Juncker gibt sich zurückhaltend
EU-Ratspräsident Donald Tusk und EU-Kommissionspräsident Jean-Claude Juncker gaben sich zu Beginn der Sitzung betont zurückhaltend. Juncker erklärte lediglich das Beispiel Griechenland dürfe nicht “dazu führen, die Hände in den Schoß zu legen, nein im Gegenteil, wir müssen die Wirtschafts- und Währungsunion vertiefen”. Tusk betonte wie bereits nach Ende des Euro-Gipfels am Dienstagabend, die Frist für Griechenland verstreiche “diese Woche” und forderte alle zur Zusammenarbeit auf, um ein Ausscheiden Griechenlands aus der Eurozone zu verhindern.

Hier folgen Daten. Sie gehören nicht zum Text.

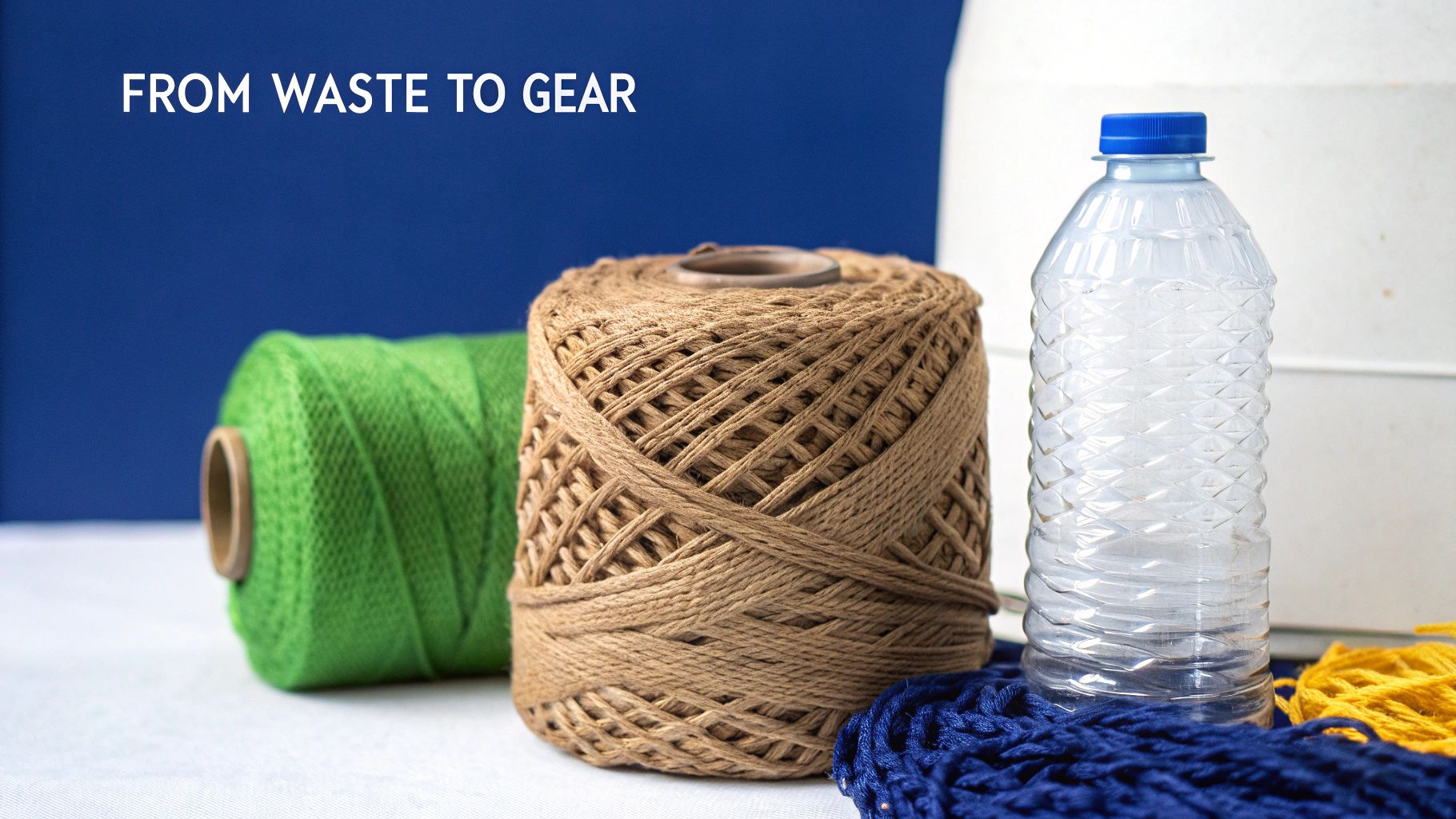 A fishing shirt laid out with plastic bottles to show what it is made of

“Haben kein Vertrauen mehr in Sie”
Härter Gegenwind schlug Tsipras von einem Teil der EU-Parlamentarier entgegen: Der Fraktionsvorsitzende der Europäischen Volkspartei (EVP), Manfred Weber, warf dem Griechen angesichts fehlender, konkreter Reformvorschläge vor, das Vertrauen in Europa zu zerstören. Auch “der Rest Europas hat kein Vertrauen mehr in Sie”, fügte er hinzu. “Sie spalten Europa und wir lieben Europa, ich hoffe, dass Sie zur Vernunft zurückkehren und endlich ein Programm vorlegen.” Auch der Vorsitzende der Liberalen (ALDE) Guy Verhofstadt rief Tsipras auf, “in den nächsten 48 Stunden ein glaubwürdiges Reformprogramm und einen Zeitplan” vorzulegen und endlich Steuerprivilegien für Reeder, das Militär, die orthodoxe Kirche aber auch die griechischen Inseln oder politische Parteien abzuschaffen.
Enttäuscht gaben sich auch die Grünen. Sie sei mit dem “naiven Wunsch” hierhergekommen, “der Tsipras kommt jetzt und wird sagen, so wird ein gerechteres Rentensystem aussehen, so wird ein gerechtes Steuersystem aussehen, so wird das Gesundheitssystem aussehen, damit wir keine Armenklinken mehr brauchen, so hätten Sie dafür sorgen können, dass die Europäer mit Ihnen mitgehen”, sagte die Grünen-Vorsitzende Rebecca Harms.
Le Pen: “Endlich Zeit, den Euro aufzulösen”
Verständnis zeigte hingegen die französische Rechtspopulistin Marine Le Pen: Kein Volk hätte fünf Jahre lang den Weg akzeptiert, den das griechische Volk hinter sich habe, betonte sie. Tsipras müsse jedoch erkennen, dass Euro und Sparpolitik “siamesische Zwillinge” seien: “Sie können nicht die Sparpolitik bekämpfen, wenn Sie nicht aus dem Euro austreten”. In Wahrheit habe Europa nur deshalb Angst vor einem Grexit, weil dann sichtbar würde, das ein Austritt aus der Eurozone möglich wäre und es “endlich Zeit ist, den Euro aufzulösen”, unterstrich Le Pen.
“Wir Sozialisten werden niemals einen Grexit akzeptieren”, widersprach hingegen Gianni Pittella, Fraktionsvorsitzender der europäischen Sozialdemokraten. Stattdessen müsse man an eine europäische Kreditgeberkonferenz denken, “wo wir auch den Schuldenschnitt ansprechen”.